Minute 23:30 lesson 7 http://course.fast.ai/lessons/lesson7.html


In [None]:
from torchtext import vocab, data

from fastai.nlp import *
from fastai.lm_rnn import *

PATH='data/nietzsche/'

TRN_PATH = 'trn/'
VAL_PATH = 'val/'
TRN = f'{PATH}{TRN_PATH}'
VAL = f'{PATH}{VAL_PATH}'

# Note: The student needs to practice her shell skills and prepare her own dataset before proceeding:
# - trn/trn.txt (first 80% of nietzsche.txt)
# - val/val.txt (last 20% of nietzsche.txt)

%ls {PATH}

In [None]:
%ls {PATH}trn

In [None]:
## torch text Field: description of how to go about pre-processing the text
## lowercase not necessary, tokenize - list for a character model list('abc') -->['a','b','c']
TEXT = data.Field(lower=True, tokenize=list)
## Text also contains things like TEXT.vocab.itos with list of all unique stoi with reverse mapping
## batchsize, number chars bptt, n-fac= size embedding, size hidden state = size of 'orange circles' (see the lecture)
bs=64; bptt=8; n_fac=42; n_hidden=256

##
FILES = dict(train=TRN_PATH, validation=VAL_PATH, test=VAL_PATH) ## data
 ## min_freq ireelevant probably, no char less than 3 probably

md = LanguageModelData.from_text_files(PATH, TEXT, **FILES, bs=bs, bptt=bptt, min_freq=3)
len(md.trn_dl), md.nt, len(md.trn_ds), len(md.trn_ds[0].text)

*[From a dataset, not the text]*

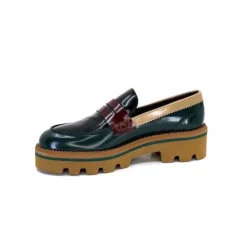 JHay J.Hay 1128 Cuir Glacee Vert Noir Bordeaux*Femme Mocassins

## len(md.trn_dl) = length of dataloader = how many mini batches
## md.nt = number of tokens, i.e. how many unique things are in the vocabulary, e.g. 56
##
##
#len(md.trn_ds[0].text) 963 = 493747 / no. tokens / bptt
## --> note this no. does not match exactly, but we randomise bptt (instead of shffling data) 
## so 5% of time it will be 8/2, but this will be constant per mini batch, where we do a matrix multiplication

### RNN

In [5]:
??repackage_var

Object `repackage_var` not found.


In [None]:
class CharSeqStatefulRnn(nn.Module):
    def __init__(self, vocab_size, n_fac, bs):
        self.vocab_size = vocab_size
        super().__init__()
        self.e = nn.Embedding(vocab_size, n_fac)
        self.rnn = nn.RNN(n_fac, n_hidden)
        self.l_out = nn.Linear(n_hidden, vocab_size)
        ## new line
        self.init_hidden(bs)
        
    def forward(self, cs):
        bs = cs[0].size(0)
        ## the last minibatch likely is of different size than the others
        ## recreate hidden state if batch size changes
        if self.h.size(1) != bs: self.init_hidden(bs)
        ## RNN takes in self.h / spits out the new hidden state
        outp,h = self.rnn(self.e(cs), self.h)
        ## the last hidden state must be stored away, so its passed ove rto new mini batch
        ## Back prop through time BPTT:
            ## why not self.h = h ? 
            ## if the document trained on is 1 million, then the unrolled RNN would be a million long
            ## 1 million layer fully connect layer: the chain rule would need to propagate back through this large chain
            ## Therefore: from time to time forget the HISTORY, but keep the STATE
            ## function repackage variable: grab tensor out of hidden state 
            ## (tensor has no history) and make new variable. 
            ## So after 8 layers it throws away history 
            ## This is all there is to Backprop through time
            ## Note, if there are instabilities then more layers lead to more instability
            ## the longer BPTT the more you can reach back to have a kind of state
            
        self.h = repackage_var(h)
        ## pytorch loss function CANNOT take a rank 3 tensor (pytorch issue, no specific reason)
        ## rank 2 and 4 are fine
        ## .view : flatten things out / torch text autmatically changed the target to flatten that out
        return F.log_softmax(self.l_out(outp), dim=-1).view(-1, self.vocab_size)
    ## ste self.h to zeros
    def init_hidden(self, bs): self.h = V(torch.zeros(1, bs, n_hidden))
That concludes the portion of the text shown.